Parshat Naso contains the description of the ritual of the Sotah (suspected adultress). This ritual is rich with descriptive imagery of what can happen to a husband and wife who allow animal desires to override their rational thought. For example, the husband is overcome with insane jealousy (5:14), and the wife brings barley as a korban which is associated with animal feed (Rashi 5:15).

However, I would like to use the Sotah ritual as an opportunity to pontificate about the importance of reading pesukim in their original Hebrew. There is a beautiful phrase that is used to describe a part of the Sotah ritual, and it is impossible for this phrase to be conveyed in translation. (Certainly an English translation - I cannot claim that there is a language out there that might be able to give a faithful rendering of the Hebrew. Anyone know Esperanto?)

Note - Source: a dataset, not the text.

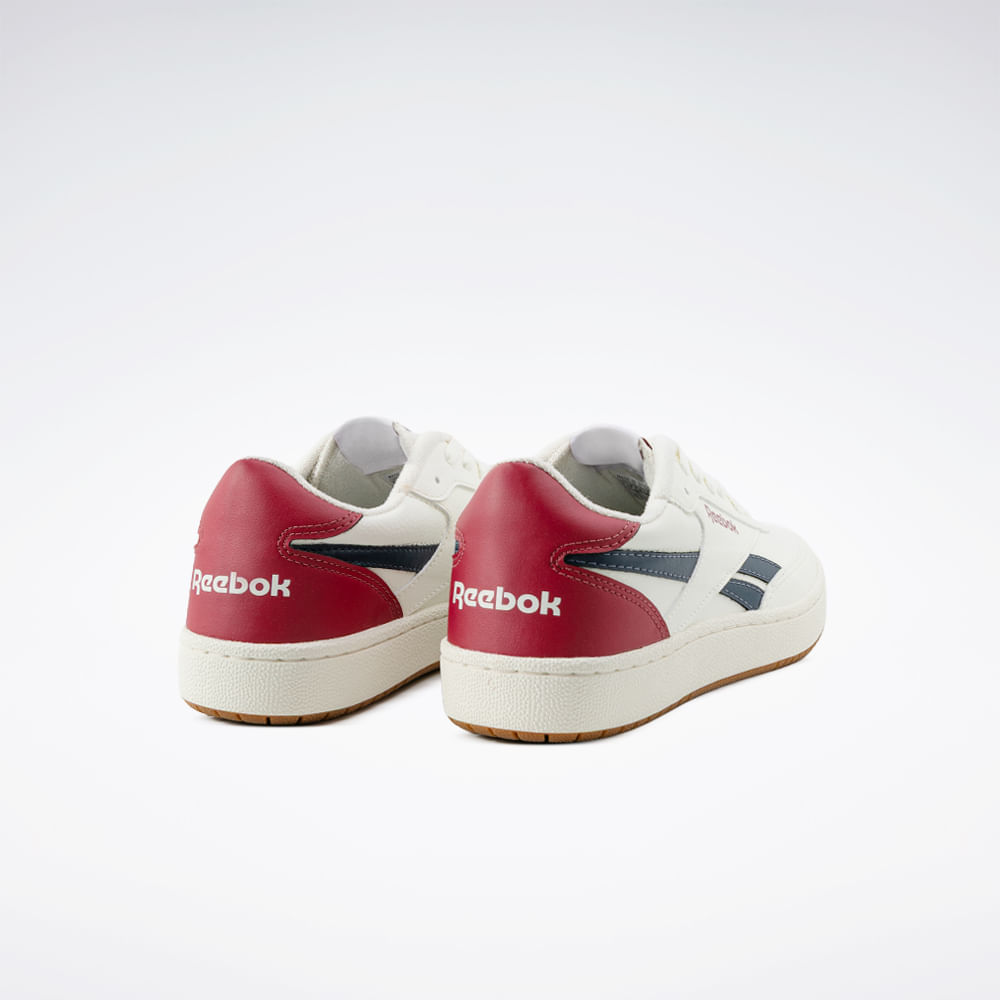 Tênis Reebok Ace Feminino – Branco e Vermelho – foto 3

The Sotah is forced to drink a potion that even Severus Snape could not prepare - and this potion will have a nasty impact on the Sotah's limbs if she is indeed guilty of adultery. R. Aryeh Kaplan (a noted kabbalist) translated the description of the potion as, "the curse-bearing bitter water," in his magnum opus - The Living Torah. This translation is a big improvement over the 1917 JPS translation which uses the following traslation: "the water of bitterness that causeth curse." Yet The Living Torah is still a far cry from the richness of the original Hebrew phrase: מי המרים המאררים (mei hamarim hamarrim). This phrase is a rhyming alliteration and the literary power is lost in translation, because neither the rhyming, nor the alliteration can be conveyed in English.

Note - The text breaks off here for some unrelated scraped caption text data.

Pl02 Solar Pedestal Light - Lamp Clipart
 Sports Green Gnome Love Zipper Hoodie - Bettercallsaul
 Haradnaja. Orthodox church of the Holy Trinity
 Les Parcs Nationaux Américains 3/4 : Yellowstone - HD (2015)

A few words about this bitter cursing potion. Water is usually a positive symbol, and it is generally associated with birth and Torah. However, if the Sotah is guilty of adultery, then the bitter cursing water is a source of death and not life. It is interesting to note that in Massechet Berachot (32b - I think), Chazal explain that an innocent woman who undergoes the Sotah ceremony would become pregnant. So actually the מי המרים המאררים is less of a potion and more of a catalyst - if the Sotah is gulity, than that sin is catalyzed into a physical punishment. If the Sotah is innocent, then the water has a positive effect on her.

If you like my little d'var Torah - great; but more importantly, I hope you have learned the lesson of reading pesukim in the original Hebrew! Don't get lost in translation.

ps - I have not seen the movie.

pps - The image is taken from wikimedia commons and is pretty neat. It is a:
Scan of plate 19 of the 1880 translation of the 1849 Johann Scheible (editor) version of The Sixth And Seventh Books Of Moses. No Author given. "The sixth and seventh books of Moses: or, Moses' magical spirit-art, known as the wonderful arts of the old wise Hebrews, taken from the Mosaic books of the Cabala and the Talmud, for the good of mankind."